= Task instructions =
The answer must consist of every line below containing "Collage".

*** Block opens ***

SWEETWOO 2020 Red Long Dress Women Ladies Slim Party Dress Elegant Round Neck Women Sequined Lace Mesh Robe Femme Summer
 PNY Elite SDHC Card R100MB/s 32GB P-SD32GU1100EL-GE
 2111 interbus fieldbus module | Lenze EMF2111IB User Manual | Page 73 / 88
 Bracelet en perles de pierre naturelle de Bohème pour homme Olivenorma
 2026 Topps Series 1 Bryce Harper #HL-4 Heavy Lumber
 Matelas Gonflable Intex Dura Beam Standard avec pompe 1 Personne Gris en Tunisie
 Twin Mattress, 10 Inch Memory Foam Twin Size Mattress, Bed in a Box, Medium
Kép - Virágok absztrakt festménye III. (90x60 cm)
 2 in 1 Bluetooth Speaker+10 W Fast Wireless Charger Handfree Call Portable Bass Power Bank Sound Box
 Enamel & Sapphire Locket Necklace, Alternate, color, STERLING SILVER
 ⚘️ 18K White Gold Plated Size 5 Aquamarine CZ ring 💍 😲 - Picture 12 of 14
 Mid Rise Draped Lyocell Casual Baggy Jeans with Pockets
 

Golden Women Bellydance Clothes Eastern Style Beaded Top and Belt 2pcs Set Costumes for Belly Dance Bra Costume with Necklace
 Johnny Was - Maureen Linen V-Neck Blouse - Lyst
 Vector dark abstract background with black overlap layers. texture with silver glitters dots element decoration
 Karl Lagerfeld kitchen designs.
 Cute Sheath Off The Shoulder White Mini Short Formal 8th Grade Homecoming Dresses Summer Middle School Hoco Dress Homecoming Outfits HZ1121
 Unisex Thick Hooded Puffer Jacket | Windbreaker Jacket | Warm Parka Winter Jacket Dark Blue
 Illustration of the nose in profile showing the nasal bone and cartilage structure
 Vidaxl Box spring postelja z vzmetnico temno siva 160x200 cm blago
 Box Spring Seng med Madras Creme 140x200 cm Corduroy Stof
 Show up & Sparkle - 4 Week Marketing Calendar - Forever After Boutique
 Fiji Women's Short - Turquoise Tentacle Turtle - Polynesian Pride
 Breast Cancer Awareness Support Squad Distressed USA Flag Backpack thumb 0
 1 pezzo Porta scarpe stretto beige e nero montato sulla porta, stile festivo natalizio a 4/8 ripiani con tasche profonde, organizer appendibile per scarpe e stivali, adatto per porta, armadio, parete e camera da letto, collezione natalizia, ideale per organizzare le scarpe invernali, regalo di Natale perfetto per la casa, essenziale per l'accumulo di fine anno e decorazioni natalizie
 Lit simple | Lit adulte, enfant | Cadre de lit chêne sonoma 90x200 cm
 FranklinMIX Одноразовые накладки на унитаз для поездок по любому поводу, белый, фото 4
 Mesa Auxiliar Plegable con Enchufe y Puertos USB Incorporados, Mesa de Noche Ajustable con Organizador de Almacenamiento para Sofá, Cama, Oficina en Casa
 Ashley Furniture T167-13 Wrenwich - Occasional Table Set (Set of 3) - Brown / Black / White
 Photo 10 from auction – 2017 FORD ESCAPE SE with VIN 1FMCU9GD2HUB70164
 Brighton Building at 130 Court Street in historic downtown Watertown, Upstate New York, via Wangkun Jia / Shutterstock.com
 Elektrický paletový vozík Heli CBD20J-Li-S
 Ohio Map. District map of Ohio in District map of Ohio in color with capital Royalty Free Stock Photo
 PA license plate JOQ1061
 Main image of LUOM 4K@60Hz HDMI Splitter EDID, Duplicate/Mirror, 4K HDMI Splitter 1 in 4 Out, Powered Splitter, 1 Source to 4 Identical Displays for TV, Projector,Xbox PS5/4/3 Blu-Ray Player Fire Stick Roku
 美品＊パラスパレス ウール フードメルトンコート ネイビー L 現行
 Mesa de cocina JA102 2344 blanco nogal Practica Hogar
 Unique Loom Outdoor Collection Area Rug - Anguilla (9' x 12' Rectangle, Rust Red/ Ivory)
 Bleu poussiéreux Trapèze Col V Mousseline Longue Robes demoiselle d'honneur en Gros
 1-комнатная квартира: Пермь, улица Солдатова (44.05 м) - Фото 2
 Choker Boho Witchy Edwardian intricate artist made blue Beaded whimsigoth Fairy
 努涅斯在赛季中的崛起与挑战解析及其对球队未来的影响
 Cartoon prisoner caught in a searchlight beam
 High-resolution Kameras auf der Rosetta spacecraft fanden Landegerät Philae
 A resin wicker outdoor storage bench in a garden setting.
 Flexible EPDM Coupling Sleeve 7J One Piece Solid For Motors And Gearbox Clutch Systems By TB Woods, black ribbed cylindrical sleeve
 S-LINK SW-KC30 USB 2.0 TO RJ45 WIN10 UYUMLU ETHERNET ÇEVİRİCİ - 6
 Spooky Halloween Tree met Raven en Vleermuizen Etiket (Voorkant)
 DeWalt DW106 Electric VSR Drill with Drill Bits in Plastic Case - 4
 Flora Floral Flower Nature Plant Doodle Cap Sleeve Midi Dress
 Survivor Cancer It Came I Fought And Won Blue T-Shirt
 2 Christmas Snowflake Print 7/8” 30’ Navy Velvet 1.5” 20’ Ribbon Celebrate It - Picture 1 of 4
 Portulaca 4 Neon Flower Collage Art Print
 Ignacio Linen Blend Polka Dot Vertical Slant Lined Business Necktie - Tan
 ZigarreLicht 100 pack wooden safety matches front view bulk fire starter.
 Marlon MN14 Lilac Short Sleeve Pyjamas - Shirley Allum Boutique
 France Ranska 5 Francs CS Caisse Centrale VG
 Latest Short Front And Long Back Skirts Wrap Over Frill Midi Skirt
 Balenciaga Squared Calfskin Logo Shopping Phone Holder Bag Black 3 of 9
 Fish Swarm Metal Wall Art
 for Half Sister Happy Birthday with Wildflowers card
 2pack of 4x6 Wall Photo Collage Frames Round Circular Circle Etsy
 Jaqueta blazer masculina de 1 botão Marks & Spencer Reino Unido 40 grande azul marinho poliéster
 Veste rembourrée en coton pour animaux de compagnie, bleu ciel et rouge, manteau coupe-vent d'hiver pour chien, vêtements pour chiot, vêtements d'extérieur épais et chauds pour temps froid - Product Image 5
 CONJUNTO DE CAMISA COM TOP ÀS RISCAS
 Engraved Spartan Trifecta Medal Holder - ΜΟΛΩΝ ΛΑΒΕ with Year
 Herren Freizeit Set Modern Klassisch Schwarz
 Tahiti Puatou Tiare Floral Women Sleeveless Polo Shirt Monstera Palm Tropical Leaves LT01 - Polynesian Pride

*** Block closes ***

= Answer to this task =
 Portulaca 4 Neon Flower Collage Art Print
 2pack of 4x6 Wall Photo Collage Frames Round Circular Circle Etsy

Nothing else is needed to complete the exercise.